Data structures are formats used to organize, store, and modify data. Data structures are a fundamental component of computer science and software engineering. They can be implemented in any programming language, including the C++ programming language. If you have a coding interview ahead of you, you’ll be expected to know how to use data structures to efficiently work with data.
Today, we'll cover C++ data structures you need to know for your coding interview.
We’ll cover:
- What are C++ data structures?
- 9 C++ data structures you need to know for your interview
- Trees
- Wrapping up and next steps
What are C++ data structures?
Data structures are formats used to organize, store, and manage data. You can use data structures to access and modify data efficiently. There are various types of data structures. The type you use will depend on the application you’re using. Each data structure has its advantages and disadvantages.
Data structures generally fall under these two categories:
- Linear data structures: Elements are arranged sequentially (e.g. arrays, linked lists, stacks, queues)
- Non-linear data structures: Elements are not arranged sequentially, but are stored within different levels (e.g. trees, graphs)
9 C++ data structures you need to know for your interview
1. Arrays
An array is a sequential list of values. You can use arrays to store and access multiple values of the same data type under one identifier. Arrays makes it easier to perform operations on an entire dataset. They're also great for retrieving data.
There are one-dimensional arrays and multi-dimensional arrays. The values stored in an array are called elements. Elements are stored in consecutive blocks of memory called indexes. The size of an array is determined by the number of elements it contains. Pictured is a one-dimensional array with a size of six.

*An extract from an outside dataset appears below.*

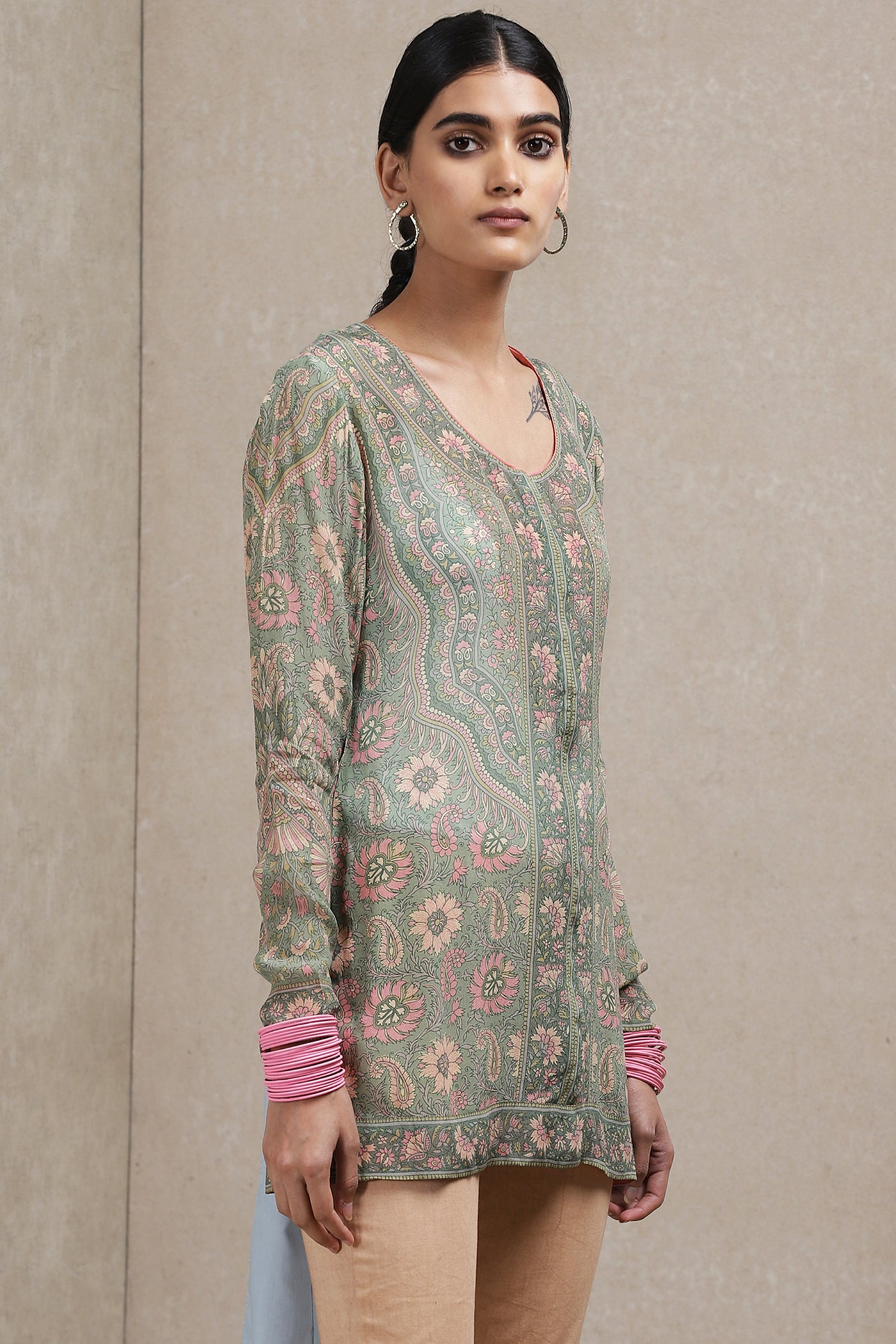 Ritu Kumar - Full Sleeves Kurti - Melange Singapore - Indian Designer Wear Online Shopping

The general syntax for initializing a one-dimensional array is:
In this code, we initialize an array named Example
that stores 200 at index 0
and 201 at index 1
.
#include <iostream>
using namespace std;
int main() {
int Example[2];
Example[0] = 200;
Example[1] = 201;
}
2. Graphs
Graphs are non-linear data structures. They consist of a finite set of vertices (i.e. nodes) connected by a set of *edges*. The order of a graph refers to the number of vertices in the graph. A graph's size corresponds to its number of edges.
This illustration represents vertices and edges. The graph also represents a cyclic graph. A graph is cyclic if at least one node has a path that directs back to itself.
Graphs are frequently used to model real-life relationships in various contexts ranging from social networks to neural networks.
There are three common types of graphs:
- Undirected graphs: A graph in which all edges are bi-directional
- Directed graphs: A graph in which all edges are uni-directional
- Weighted graphs: A graph in which all edges are assigned a value, called a weight
You’ll likely be asked to traverse a graph in your interview. For your C++ interview preparation, make sure you’re comfortable with using common graph algorithms such as breadth-first search and depth-first search.
3. Linked lists
Linked lists are linear data structures consisting of a collection of nodes that represent a sequence. Each node contains a value and a pointer to the next node in the sequence. Linked lists are great for adding and deleting nodes. However, they’re not great for retrieving nodes, since each node is only aware of the node next to it.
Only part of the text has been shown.